Самое первое мое чувство ко всякому новому лицу — как к человеку; лишь далее, и в опыте, само собой выходило, что с женщинами отношения у меня складывались по‑иному, чем с мужчинами. Но и тут опять не в сексуальной области было главное дело и серьезная разница. Но главное: мне с женщинами было неинтересно.

Любить меня — нельзя… Я ни к кому не прихожусь. Рассуждаю, а в сердце зверь и ест мое сердце. Не люблю никого, когда у меня боль. Не люблю — но всех жалею.

«Или всегда можно убить, или никогда нельзя». Должно каждому данному часу истории говорить «да» или «нет». И сегодняшнему часу я говорю, со дна моей человеческой души и человеческого разума — «нет». Или могу молчать. Даже лучше, вернее — молчать (написано в начале Первой мировой войны. — Esquire).

Я не штопальщица, но я двадцать раз порю заштопанную дыру, пока не сделаю в пределе моего умения.

Буду очень рада, если «женский» вопрос разрешится просто и радикально, как «еврейский» (и тем падет). Ибо он весьма противен. Женщины, специализировавшиеся на этом вопросе, плохо доказывают свое «человечество». Перовская, та же Вера Фигнер (да и мало ли) занимались не «женскими», а общечеловеческими вопросами, наравне с людьми, и просто были наравне с людьми. Точно можно, у кого-то попросив — получить «равенство»!

Люди хотят Бога для оправдания существующего, а я хочу Бога для искания еще несуществующего (вероятно). Они зовут Бога, чтобы Он пришел к ним, где они, и сказал: «Нет, не грех; а коли и грех — прощу, за то, что вспомнили Меня и позвали. Не беспокойтесь». А мне некуда звать Бога, я в путешествии.

Проза очень голит поэта как человека. Как раз для человека-то в прозе гораздо меньше, чем в стихах, «кустов», куда можно спрятаться.

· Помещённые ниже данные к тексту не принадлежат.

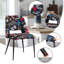 Chaise Keevay-311752837-311752842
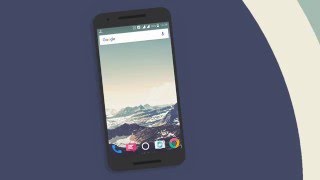 video-thumbnail
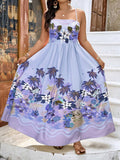 //img.ltwebstatic.com/v4/j/pi/2026/01/30/4d/1769704463cb7c1595fabc2c374e12c7f0e54ed215_thumbnail_900x.webp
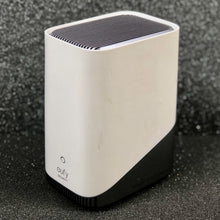 Load image into Gallery viewer, Eufy Security S380 HomeBase T8030, No Accessories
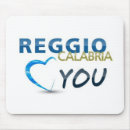 Suche nach feiertage mousepads Italien
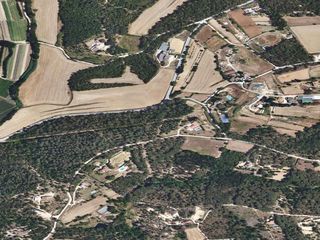 Pis  Calle mare de deu de l''erola. Piso en venta en tordera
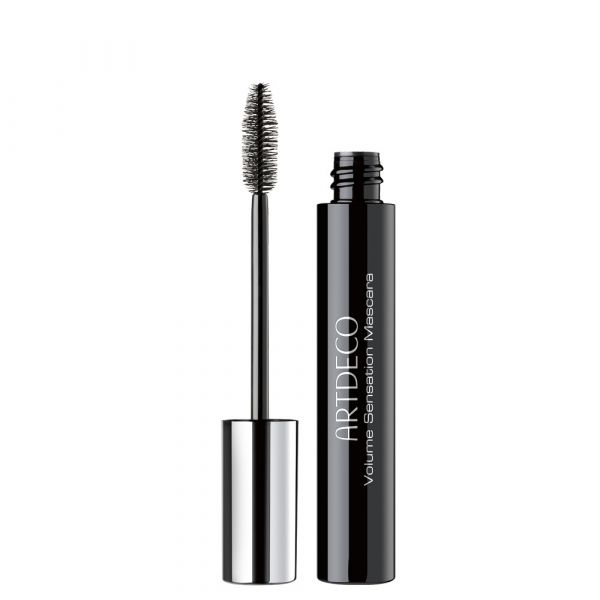 Artdeco Volume Sensation Mascara  1, Black | Best Price in Pakistan original skincare product Pakistan
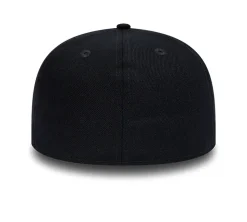 New Era New York Yankees World Series 1999 Side Patch - Navy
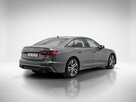 Audi A6 40 TDI mHEV Sport S tronic ! Z Polskiego Salonu ! Faktura VAT ! - 5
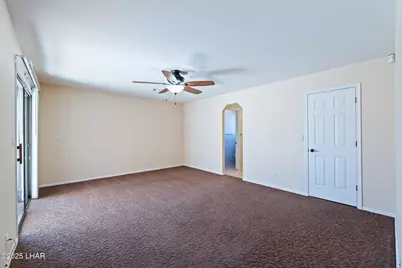 1410 Daniel Dr, Lake Havasu City, AZ 86404 - Photo 27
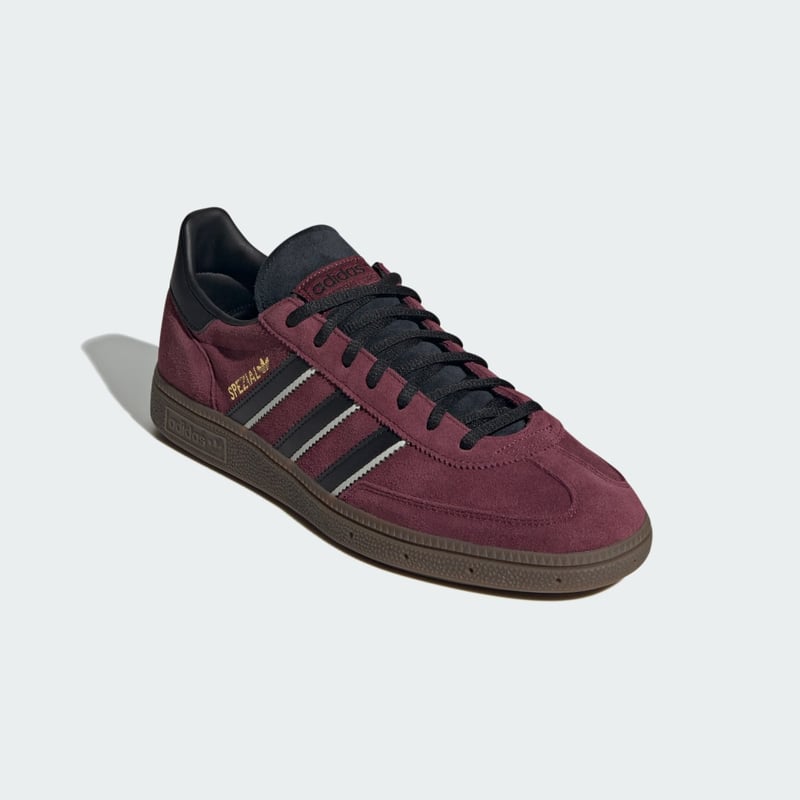 adidas Handball Spezial IG6184 04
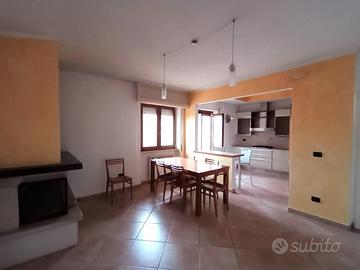 Camere per studenti a Campob [Cod. rif 3264991ARG]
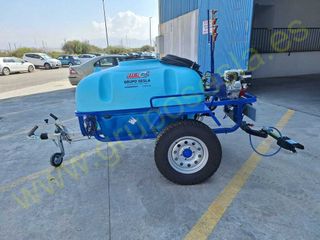 CUBA AGRICOLA ARRASTRADA DE 1000 LITROS
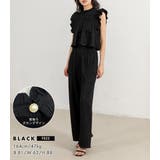 セットアップ トップス パンツ | teddyshop | 詳細画像8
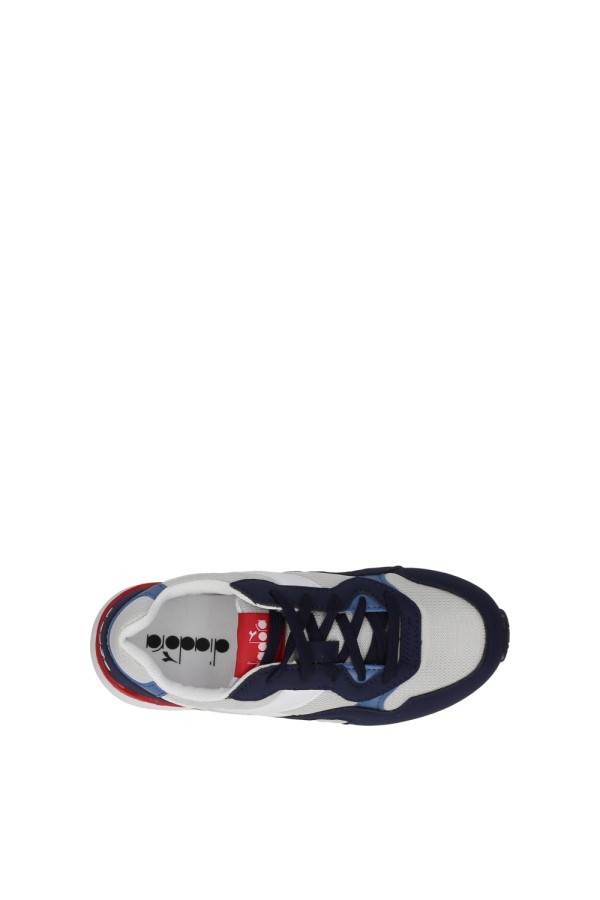 Diadora 177716 d0779_5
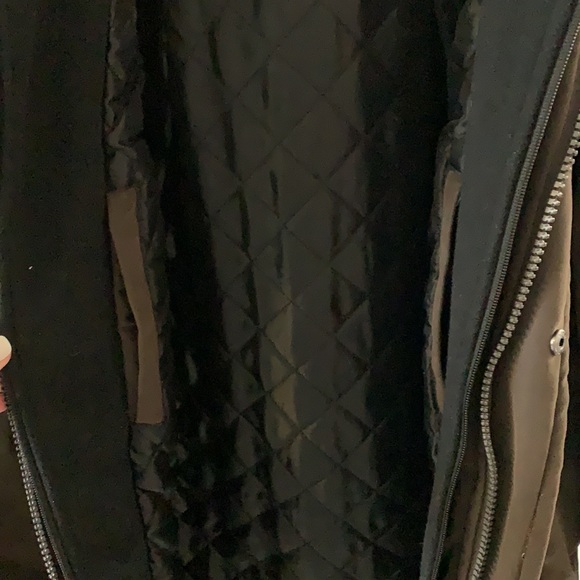 Marc New York Jacket - Picture 4 of 4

В человеке зрелом, если он не человек безнадежно плоский, остается, конечно, что-то от ребенка.

Народ русский никогда не был православным. Никогда не был религиозным сознательно. Он имел данную форму христианства, но о христианстве никогда не думал.

Россия — очень большой сумасшедший дом.

Если сексуальный, или телесный, элемент и должен присутствовать как-то во всяких близких человеческих отношениях, то отправной точкой он ни в каком случае быть не может и не должен.

Главное мое движение ко всякому человеку, с которым чувствую возможность хотя бы близости, — это непременное желание ему помочь.

Жестокость — не крепость, а полуслабость. Жестокой быть легче, чем твердой и мудрой.

Я не фаталистка. Я думаю, что люди (воля) что-то весят в истории. Оттого так нужно, чтобы видели жизнь те, кто может действовать.

Пусть каждая страна выберет двух уполномоченных, двух лиц, честности которых она бы верила. И пусть они поедут инкогнито в Россию. И пусть они, вернувшись (если вернутся), скажут «всем, всем, всем»: есть ли в России революция? Есть ли «рабоче-крестьянское» правительство? Есть ли хоть что-нибудь похожее на проведение в жизнь принципов «социализма»? Есть ли в учреждениях, называемых Советами, хоть тень выборного начала? В громадном нет, которым ответят на все эти вопросы честные люди, вскроется и основной абсурд происходящего.

Вот что мне пришло в голову: уж и не вправду ли я, прежде всего, литератор?